Sufría la selección bajo los aros, incapaz de cerrar el rebote para desesperación de Mondelo. Fluía bien el ataque, porque a Torrens se sumó Ndour, pero faltaba sellar los huecos en defensa. Demasiado cómodas las serbias en todo momento.

La entrada de Anderson volvió a ser un suplicio. Una pesadilla, como en Valencia. Un parcial de 11-0 obligó a España a pedir tiempo muerto (22-31, min. 12). Era demasiado grande la sangría y faltaban las ideas. Paró el choque Mondelo y devolvió a pista a Cristina Ouviña, la mejor a la hora de encontrar a sus compañeras.

Volvió a funcionar la selección, que fue poco a poco remontando la diferencia. Lo hizo de nuevo con los puntos de Astou y de Torrens, aunque empezaba a flaquear desde la línea de libres. Hasta con cuatro fallos en los últimos minutos del cuarto, que arrojó una desventaja de tres puntos al descanso para las de Mondelo (41-44).

Se volvió a empinar el choque tras el paso por los vestuarios. Se distrajo España un par de minutos y de nuevo se vio nueve abajo (43-52, min. 22). Una losa para la que Mondelo buscó una solución de emergencia. Puso en pista un quinteto inédito, con las jóvenes Carrera y Cazorla, junto a Ouviña, Torrens y Laura Gil. Veteranas y noveles. Una apuesta que le salió perfecta con cuatro triples consecutovs de Cazorla que le dieron la vuelta al marcador (57-55, min. 29).

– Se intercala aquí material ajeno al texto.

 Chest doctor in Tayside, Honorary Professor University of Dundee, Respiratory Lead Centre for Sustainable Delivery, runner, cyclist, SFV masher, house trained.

Era la primera ventaja de España desde el primer cuarto y a ella se agarró para seguir creciendo, con Torrens otra vez como baluarte ofensivo. Sus puntos, tan añorados en Valencia, fluían en Tokio con facilidad (25 al final del partido) y con ellos amplió su ventaja la selección, que se fue hasta los diez mediado el último período (76-66). Boqueaba Serbia pidiendo auxilio, pero apretó más España. Dolía aún la herida del Europeo e hizo sangre la selección, que selló el triunfo holgado para asegurar los cuartos y dejarse muy cerca el primer puesto que le permitiría evitar a Estados Unidos en la antesala de las medallas.